◆ Data shown ◆
━━━
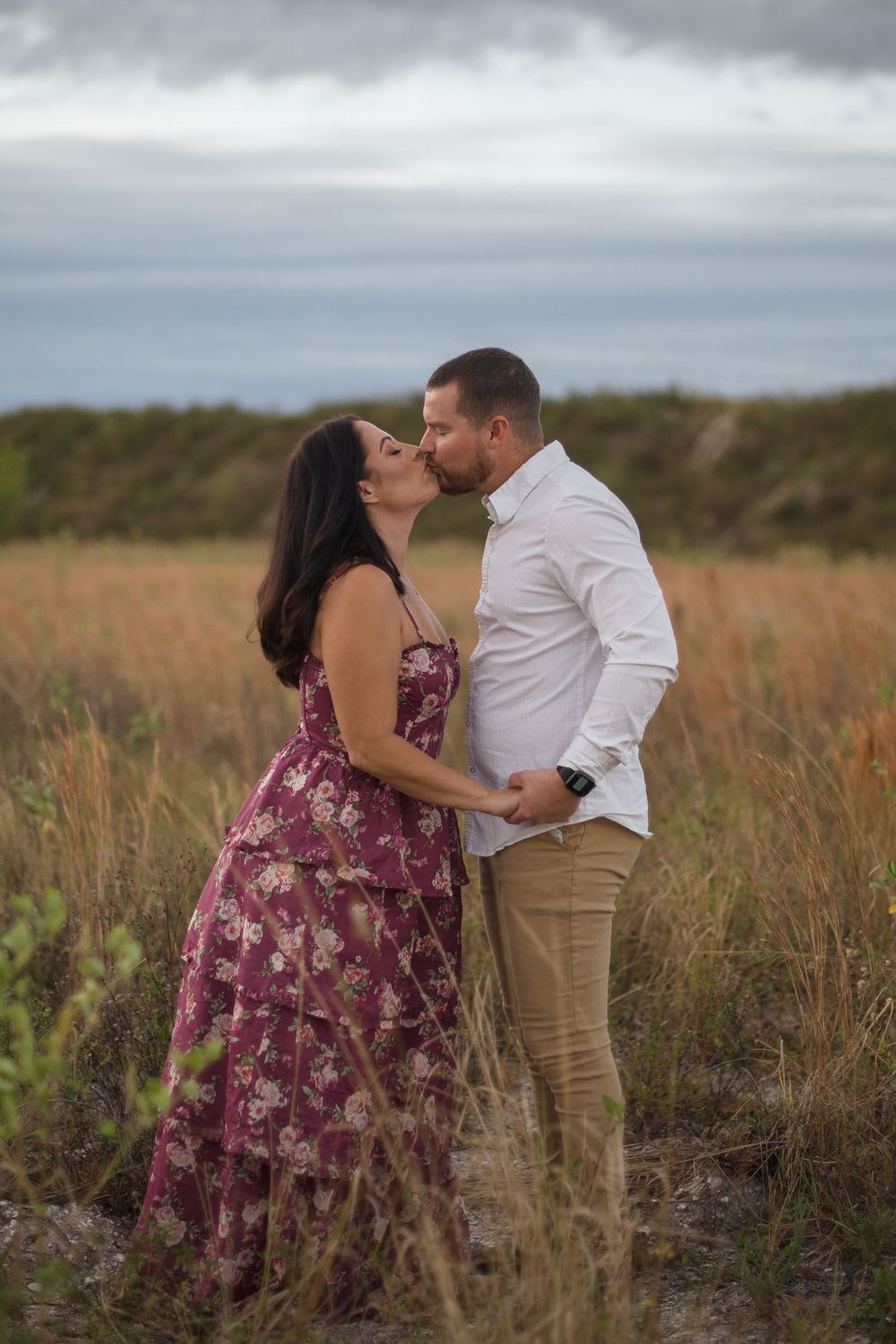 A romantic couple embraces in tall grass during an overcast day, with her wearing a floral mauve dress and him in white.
━━━
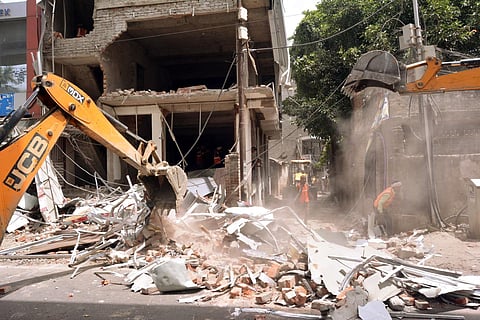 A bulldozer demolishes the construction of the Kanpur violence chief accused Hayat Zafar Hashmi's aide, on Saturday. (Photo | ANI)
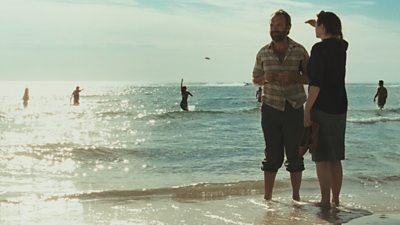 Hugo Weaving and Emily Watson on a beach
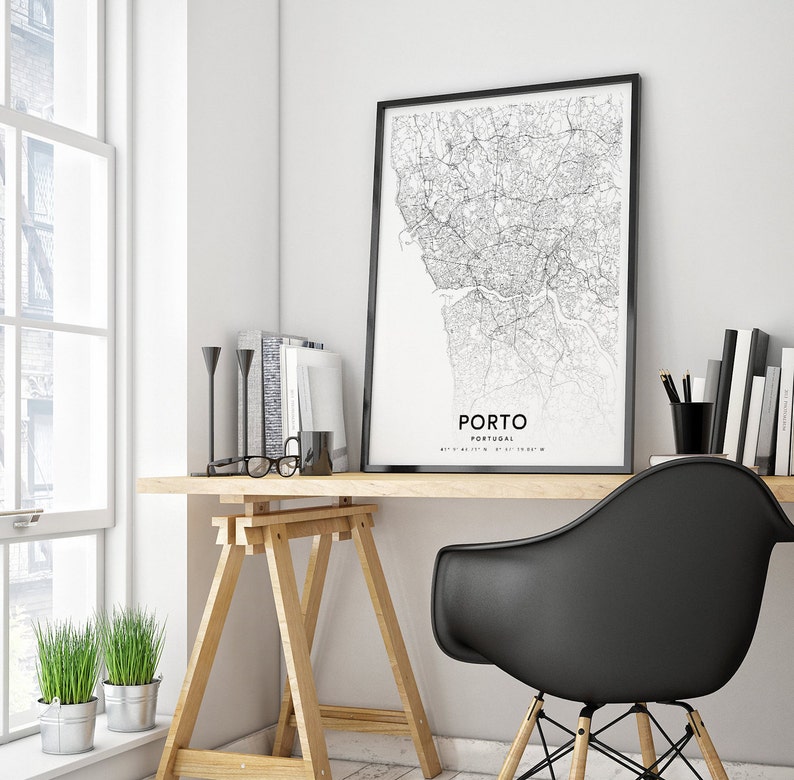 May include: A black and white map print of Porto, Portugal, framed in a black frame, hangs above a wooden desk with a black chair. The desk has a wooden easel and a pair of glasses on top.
━━━
◆ Task to carry out ◆
Starting at the line above that has "Hugo Weaving and Emily Watson on a beach" and ending at the line that has "May include: A", copy each line exactly, leaving the pictures out and adding nothing.

◆ Reply ◆
 Hugo Weaving and Emily Watson on a beach
 May include: A black and white map print of Porto, Portugal, framed in a black frame, hangs above a wooden desk with a black chair. The desk has a wooden easel and a pair of glasses on top.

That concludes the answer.